Hyperparameters were initialized either randomly or from pre-trained networks that were built using a commonly applied ImageNet [32] data set. The latter approach, commonly known as transfer learning, is often practiced in computer vision to speed up convergence and improve predictability of novel tasks. Weight imports from these architectures could be partial, as in a simple configuration which we termed SimpleNet, where only the convolutional operators were acquired from a pre-trained VGG [33], or total, where all the pre-trained weights from architectures Chemception [34], ResNet [35], and EfficientNet [36] were applied. As we primarily focused on multi-task predictions, CNNs were optimized in a multi-task mode to derive optimal configuration which was later used to train single-task CNN variants to enable fair comparison between single and multi-task learning.
Machine learning for structural representations
Machine learning methods frequently employed in ECFP-learning tasks, such as random forest [37], support-vector regressor [38], and deep neural network [39], were optimized and validated using these structural representations. To enable fair comparison between image- and structure-based representations, the training-test splits were kept consistent across different splitting strategies.
Random forest (RF) is an ensemble of decision trees each built from a randomly sampled subset of training data, procedure commonly known as bootstrapping. Herein, we optimized number of decision trees (50, 100, or 150) and minimum number of samples left in terminal nodes (1-5) using Scikit-learn [40] implementation.
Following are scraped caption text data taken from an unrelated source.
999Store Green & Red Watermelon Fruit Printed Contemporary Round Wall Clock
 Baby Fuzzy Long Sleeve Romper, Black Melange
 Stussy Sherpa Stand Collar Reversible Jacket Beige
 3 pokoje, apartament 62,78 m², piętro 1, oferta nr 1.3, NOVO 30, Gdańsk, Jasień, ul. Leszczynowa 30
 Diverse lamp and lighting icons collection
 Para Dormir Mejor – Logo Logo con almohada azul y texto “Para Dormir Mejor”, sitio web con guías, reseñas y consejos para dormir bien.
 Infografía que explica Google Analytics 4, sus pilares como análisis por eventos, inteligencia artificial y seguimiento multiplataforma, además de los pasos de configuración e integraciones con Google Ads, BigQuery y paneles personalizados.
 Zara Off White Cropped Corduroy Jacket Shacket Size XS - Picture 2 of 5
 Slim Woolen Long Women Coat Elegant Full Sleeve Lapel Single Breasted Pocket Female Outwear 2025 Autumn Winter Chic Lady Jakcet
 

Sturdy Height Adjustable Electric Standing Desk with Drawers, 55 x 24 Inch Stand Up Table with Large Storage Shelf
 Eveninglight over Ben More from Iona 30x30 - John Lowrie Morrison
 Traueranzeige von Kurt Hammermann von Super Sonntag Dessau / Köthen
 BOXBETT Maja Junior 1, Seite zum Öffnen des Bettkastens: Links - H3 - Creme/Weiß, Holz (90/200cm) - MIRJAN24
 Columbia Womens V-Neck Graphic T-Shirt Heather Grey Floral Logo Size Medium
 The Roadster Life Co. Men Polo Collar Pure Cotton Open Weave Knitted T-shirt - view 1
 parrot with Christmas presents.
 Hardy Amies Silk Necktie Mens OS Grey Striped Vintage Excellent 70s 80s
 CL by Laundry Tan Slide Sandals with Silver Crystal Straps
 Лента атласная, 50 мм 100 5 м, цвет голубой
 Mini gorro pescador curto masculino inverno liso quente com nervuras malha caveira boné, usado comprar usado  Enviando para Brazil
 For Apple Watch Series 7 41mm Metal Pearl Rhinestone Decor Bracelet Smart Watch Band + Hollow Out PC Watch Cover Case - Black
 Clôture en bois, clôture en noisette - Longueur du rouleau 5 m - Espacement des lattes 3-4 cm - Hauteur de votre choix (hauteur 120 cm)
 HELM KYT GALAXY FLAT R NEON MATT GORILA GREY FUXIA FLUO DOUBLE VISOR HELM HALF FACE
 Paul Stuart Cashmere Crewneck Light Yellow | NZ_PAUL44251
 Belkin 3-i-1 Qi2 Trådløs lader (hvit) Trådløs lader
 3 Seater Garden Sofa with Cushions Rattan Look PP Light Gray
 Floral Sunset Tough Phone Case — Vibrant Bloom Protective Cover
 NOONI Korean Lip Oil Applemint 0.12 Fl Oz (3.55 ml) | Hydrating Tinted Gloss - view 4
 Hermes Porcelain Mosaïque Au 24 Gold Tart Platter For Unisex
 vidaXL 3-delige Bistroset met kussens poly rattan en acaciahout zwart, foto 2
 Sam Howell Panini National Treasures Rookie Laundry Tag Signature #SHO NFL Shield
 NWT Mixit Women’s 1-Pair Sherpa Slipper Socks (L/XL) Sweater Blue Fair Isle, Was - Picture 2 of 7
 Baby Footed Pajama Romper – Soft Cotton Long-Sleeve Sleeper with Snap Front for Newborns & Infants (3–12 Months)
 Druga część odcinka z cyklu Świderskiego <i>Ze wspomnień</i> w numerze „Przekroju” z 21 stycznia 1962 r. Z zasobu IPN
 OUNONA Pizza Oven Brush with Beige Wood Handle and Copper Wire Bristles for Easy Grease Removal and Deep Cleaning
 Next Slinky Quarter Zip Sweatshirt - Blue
Support vector regressor (SVR) maps training data (or features) in high-dimensional space (often using a non-linear kernel function), as close as possible to their quantitative output (or label) to derive a regression function. Hyperplane margin (ε) controls tolerable deviation between the observed and predicted values, and larger errors are penalized. Hyperparameter C, also known as regularization slack variable, also regulates the relaxation of error minimization problem by penalizing large deviations from the ε tube. The SVRs were optimized for hyperparameters ε (0.001, 0.01, and 0.1), C (0.1, 1, and 10) and a kernel function (radial basis or Tanimoto [41]). These as well were implemented via Scikit-learn [40].
Deep neural network (DNN) applies a series of learned matrix multiplications and non-linear activation functions in units known as neurons, commonly organized in several fully connected layers. Loss function (such as one of those described previously) evaluates the difference between predicted and experimental values and minimizes it via an iterative learning process. The DNNs were implemented in PyTorch [22] and optimized for batch size (32, 64, 128, 256, and 512), learning rate (5 x 10-5, 10-4, 5 x 10-4), neuron and layer configuration ([1000, 500], [1500, 750], [2000, 1000], [4000, 2000], [4000, 2000, 1000], or [5000, 2500]), and dropout rate (between 0.25 and 0.5).
Models were optimized with Ray Tune [42] library which implements Bayesian Optimization with HyperBand (BOHB) [43] algorithm, for our purposes set at 30 sampled experiments. Methodological framework of RFs and SVRs allows only for single-task learning, whereas DNNs can be trained in both single- and multi-task fashion.